Ach, wären wir doch nur weiter dem weißen L auf schwarzem Grund gefolgt. Die Wegmarkierung will Wanderer wohlweislich ein paar hundert Meter vorher ablenken – Richtung Füssen. Also schnell zurück auf den Pfad der Tugend, wo wir sie spätestens auf dem Alpenrosenweg Richtung Kalvarienberg wiederfinden: die Ruhe. Die Erhabenheit der Natur. Die Freiheit, sich im maximal entspannenden Tempo fortzubewegen.

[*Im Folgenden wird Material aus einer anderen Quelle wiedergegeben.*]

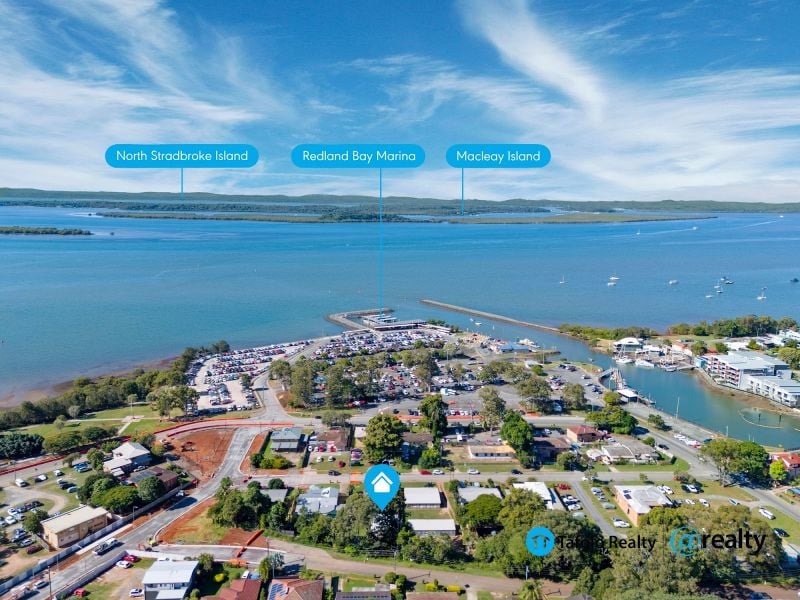 11 OUTRIDGE ST, REDLAND BAY QLD 4165, 0房, 0浴, House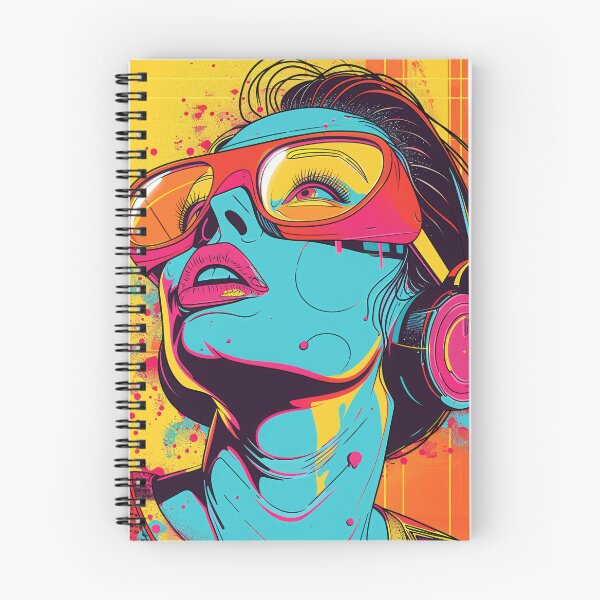 Item preview, Pop Art Paramour designed and sold by Retro Type.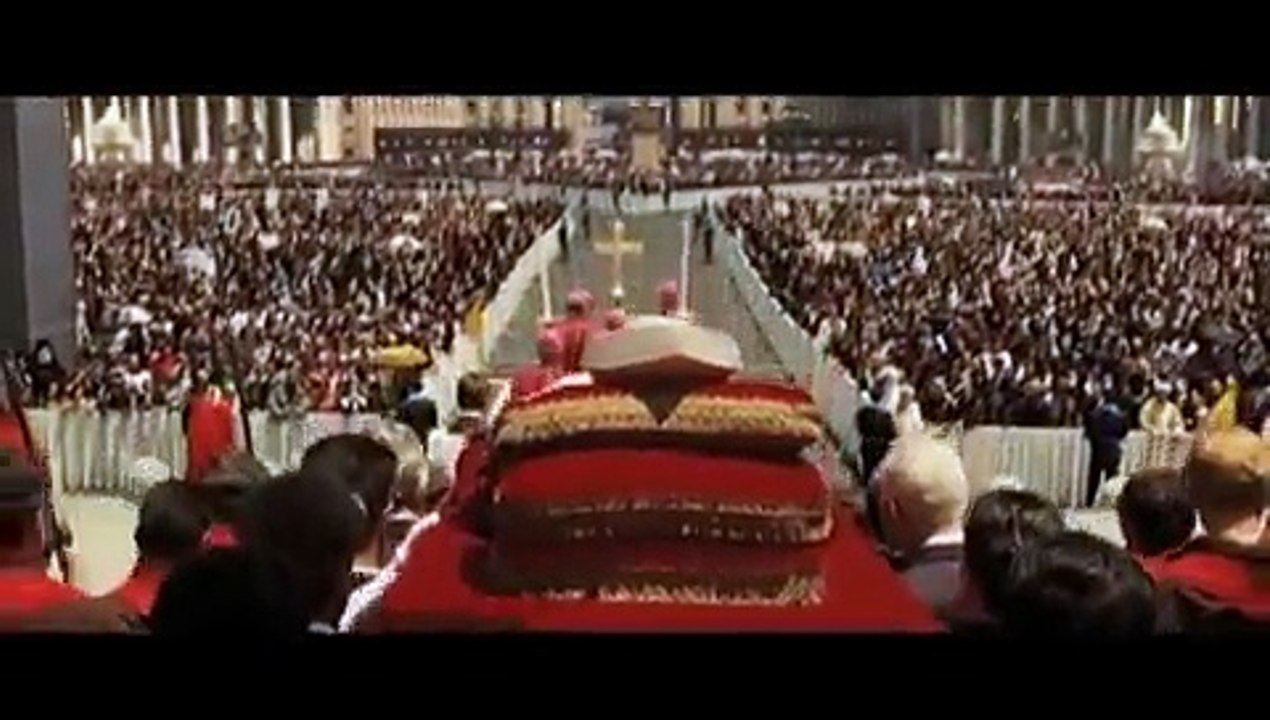 Angels & Demons ~ Ewan McGregor as camerlengo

Abstecher in Seitentäler und auf Berggipfel
Überraschend: Trotz Traumwetter begegneten wir in den vergangenen Tagen kaum Mitwanderern. Vermutlich liegt es daran, dass die allermeisten, so wie wir, flussabwärts gehen und es zudem kaum zu entgegengesetzten Begegnungen kommt, viele zudem auf Varianten zurückgreifen oder Abstecher in Seitentäler oder auf Berggipfel unternehmen. Nicht zuletzt dank dieser Möglichkeiten ist der 125 Kilometer lange Lechweg, 2012 als erster grenzüberschreitender Weitwanderweg mit dem Qualitätssiegel „Leading Quality Trails – Best of Europe“ ausgezeichnet, ein Riesenerfolg. In den letzten Jahren verzeichnete das von Vorarlberg durch Tirol bis ins Allgäu führende Tal ein Besucherplus von gut 20 Prozent. Die Gründe? Generell bescheren derzeit Weitwanderwege den beteiligten Regionen eine erhöhte Nachfrage. Im Speziellen erweitert der Lechweg noch die potenzielle Zielgruppe, gilt er doch als vergleichsweise leichter Weitwanderweg, für den es weder überdurchschnittliche Kondition noch Kletterexpertise braucht. Für weitere Pluspunkte sorgen die abwechslungsreiche Wegführung am Fluss, durch Wiesen, Felder und Auwälder, ferner eine lückenlose Beschilderung, interessante Veranstalterangebote inklusive Gepäckservice sowie mannigfaltige Unterkünfte von der Pension bis zum Vier-Sterne-Hotel.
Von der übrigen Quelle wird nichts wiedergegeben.